BEGIN

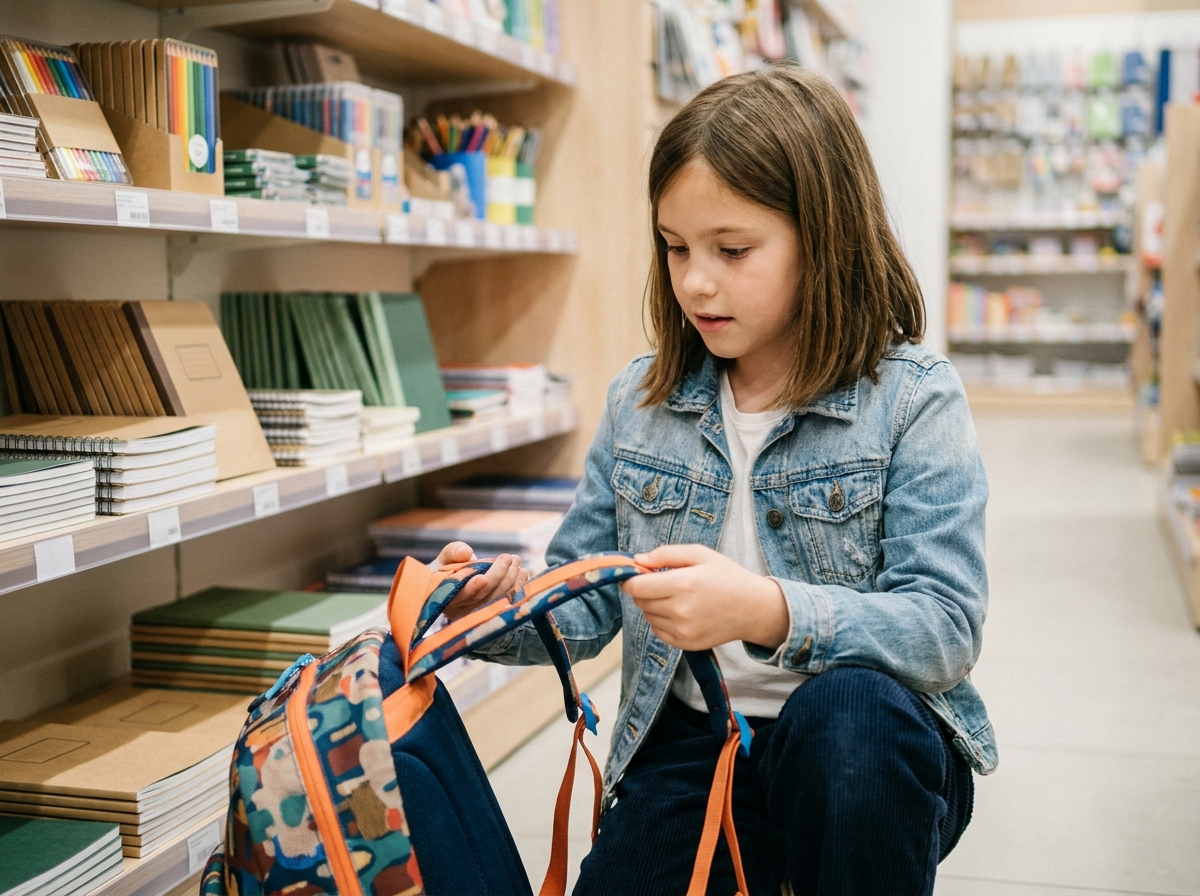 Jeune fille choisissant un sac à dos dans un magasin de fournitures scolaires pour la rentrée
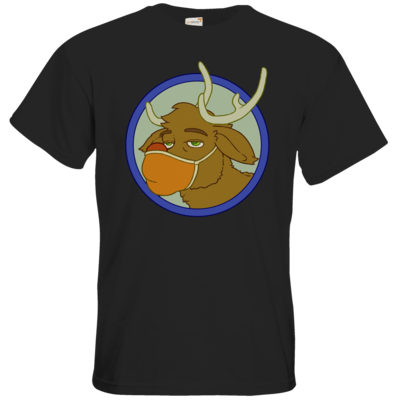 Motiv: T-Shirt Premium FAIR WEAR - Rentier mit Maske - bestimme auf Wunsch Details wie Produkt, Grösse, Farbe und Position selbst ! Motiv: T-Shirt Premium FAIR WEAR - Rentier mit Maske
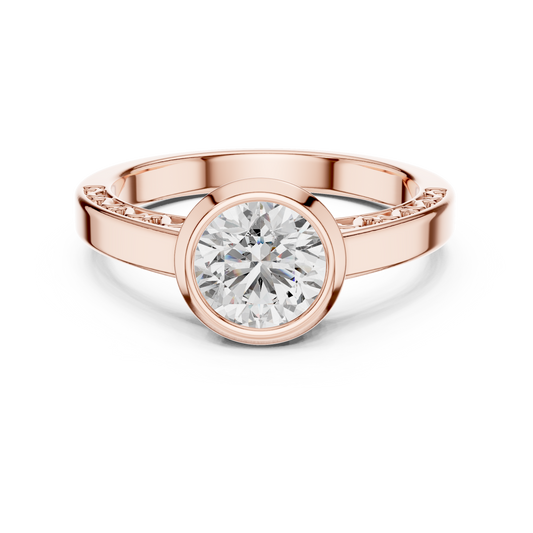 Round Lab Grown Diamond Engagement Ring | Full Eternity Floating Halo Style | 10K, 14K, and 18K Gold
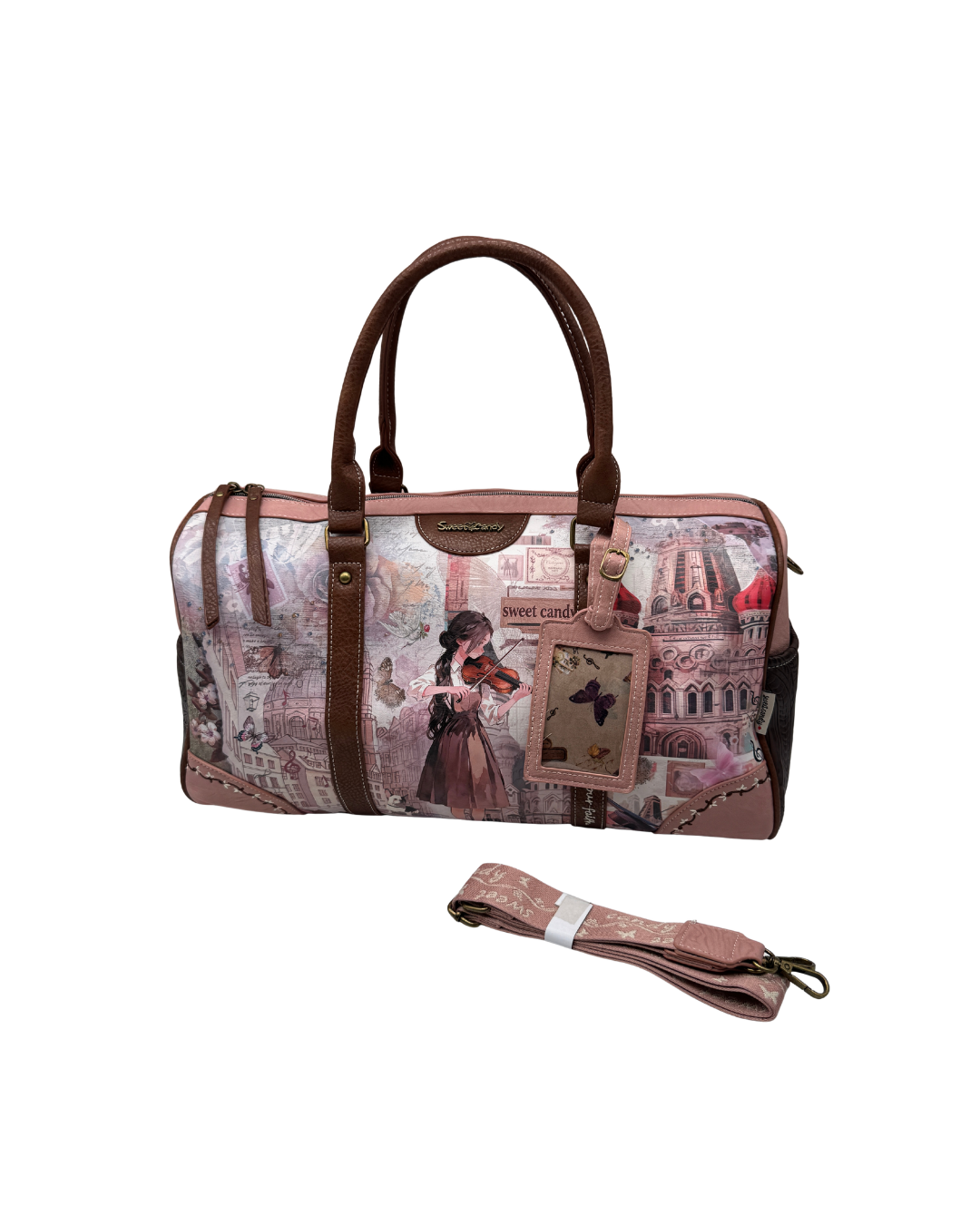 Bolsa de Viaje Sweet Candy Estampado Violinista Rosa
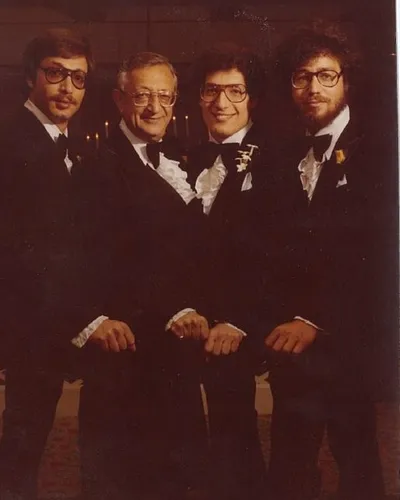 Steven, Zack, Sandy and Robert Swidler at Sandy's wedding, 1977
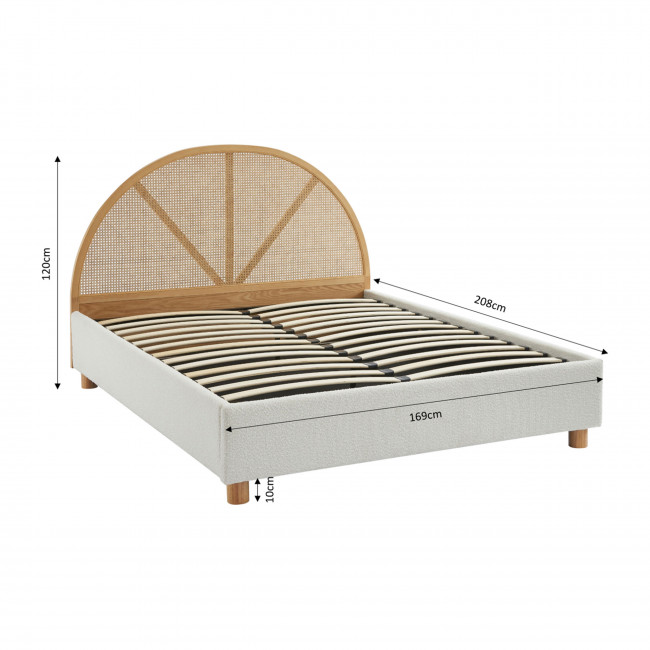 Tajur - Lit coffre en tissu bouclette et cannage 160x200cm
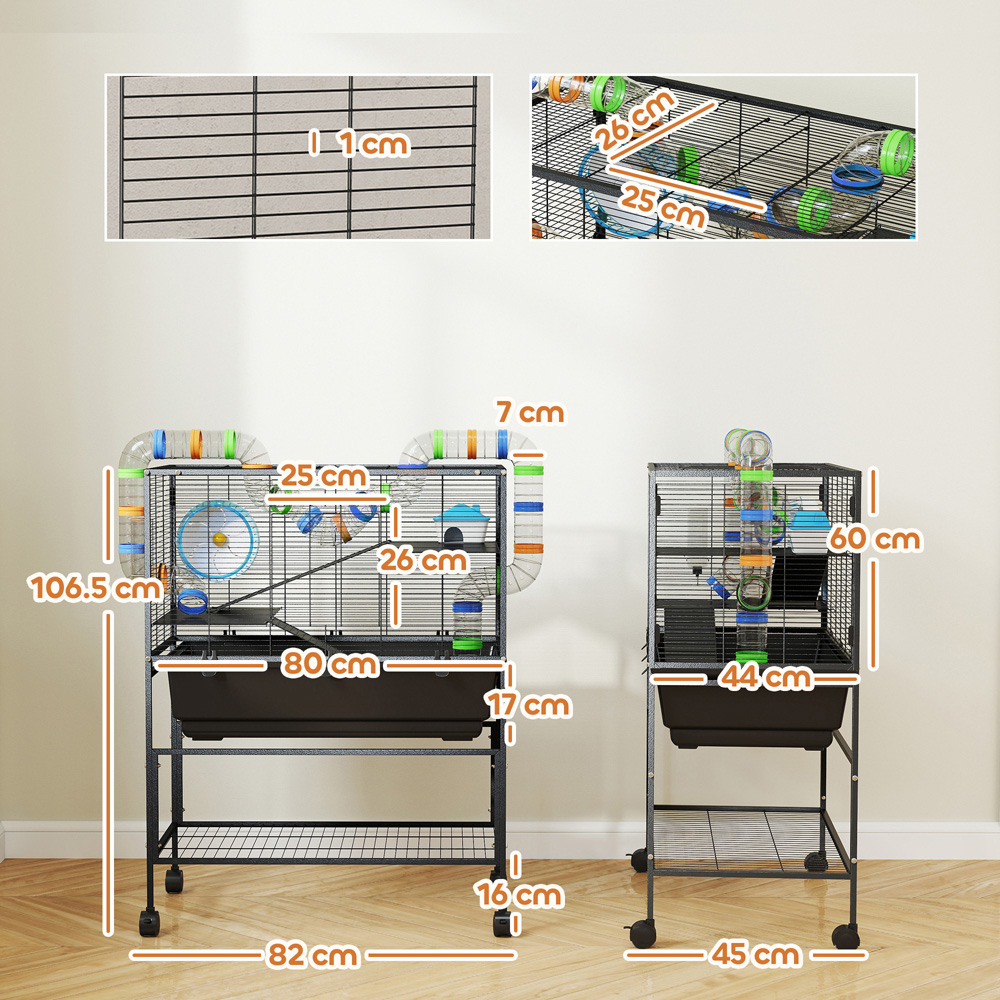 PawHut 3 Tier Hamster and Gerbil Cage with Storage on Wheels Image 9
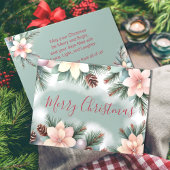 クリスマスグリーンの葉花と松の実 シーズンカード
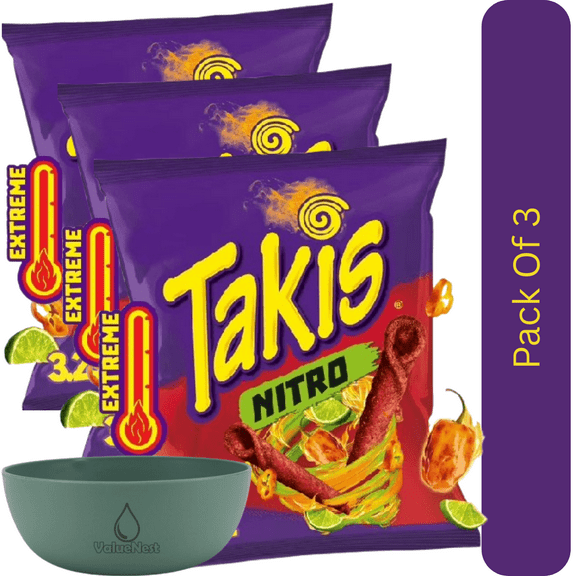 Takis Nitro Spicy Rolled Tortilla Chips, Habanero Lime Flavor, 3.25 oz Snack Size Bag With Olive Green Bowl By ValueNest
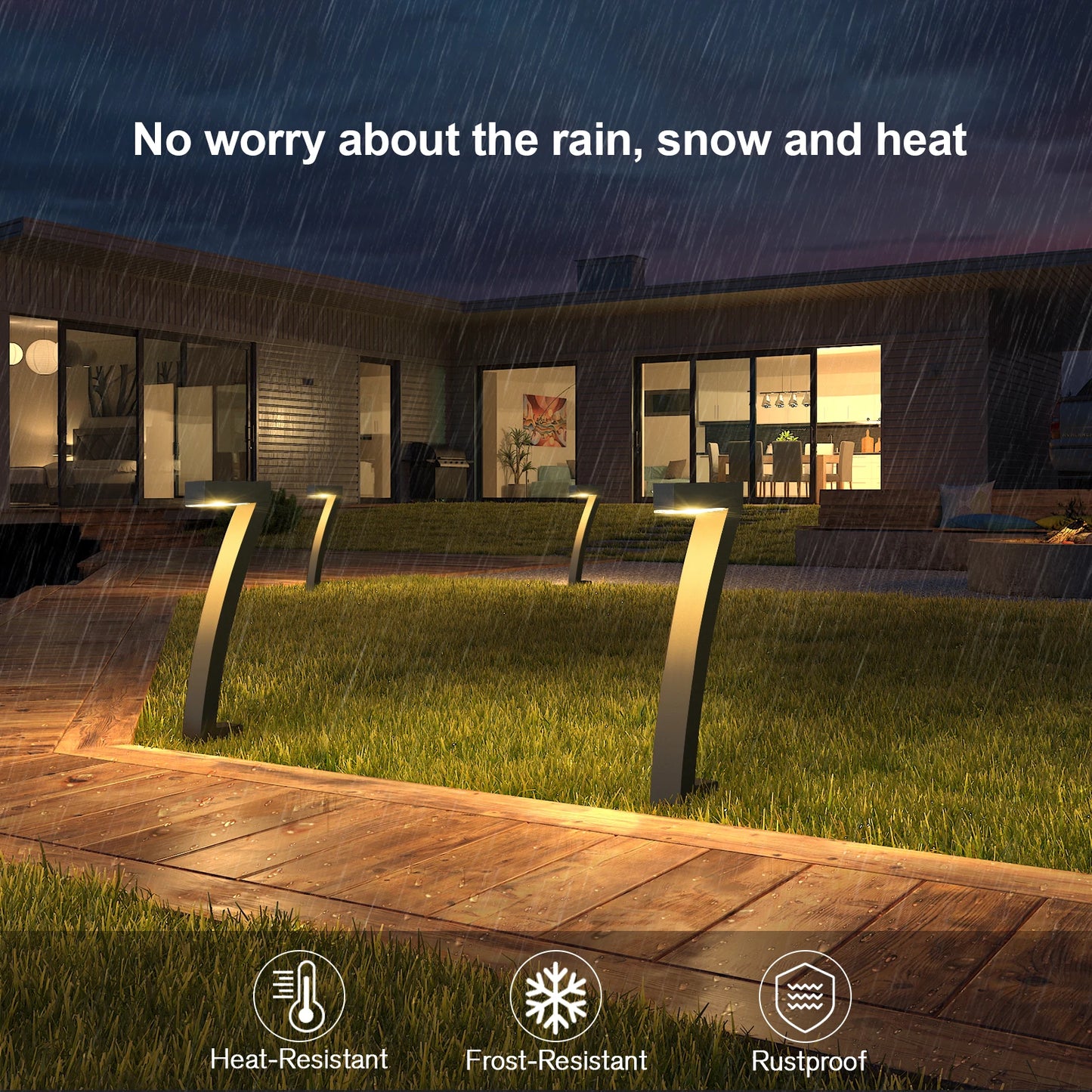 6 Pack Solar Pathway Lights Outdoor Garden Yard Auto On Off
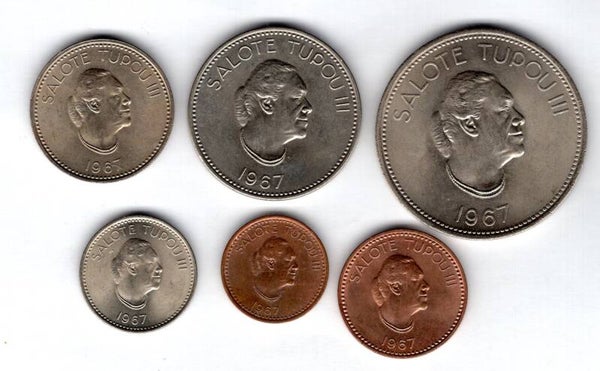 Tonga. 1967,  6 coin set.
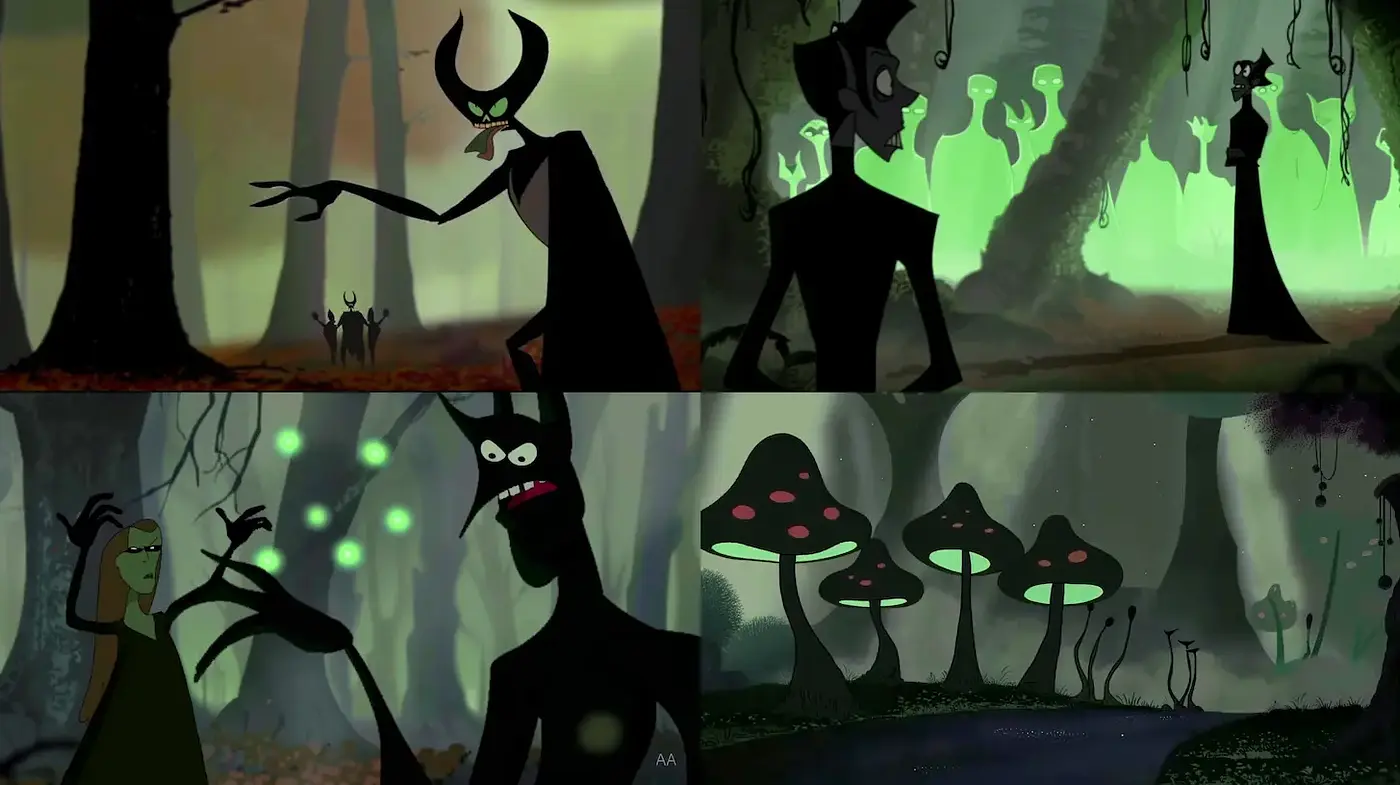 Stylized Gothic Fairy Tale with Enigmatic Characters in a Mystical Forest - Midjourney sref style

END

Beginning at the line that holds "クリスマスグリーンの葉花と松の実 シーズンカード" and ending with the last line of the entries, please set down each line exactly, leaving every picture out.

 クリスマスグリーンの葉花と松の実 シーズンカード
 Takis Nitro Spicy Rolled Tortilla Chips, Habanero Lime Flavor, 3.25 oz Snack Size Bag With Olive Green Bowl By ValueNest
 6 Pack Solar Pathway Lights Outdoor Garden Yard Auto On Off
 Tonga. 1967,  6 coin set.
 Stylized Gothic Fairy Tale with Enigmatic Characters in a Mystical Forest - Midjourney sref style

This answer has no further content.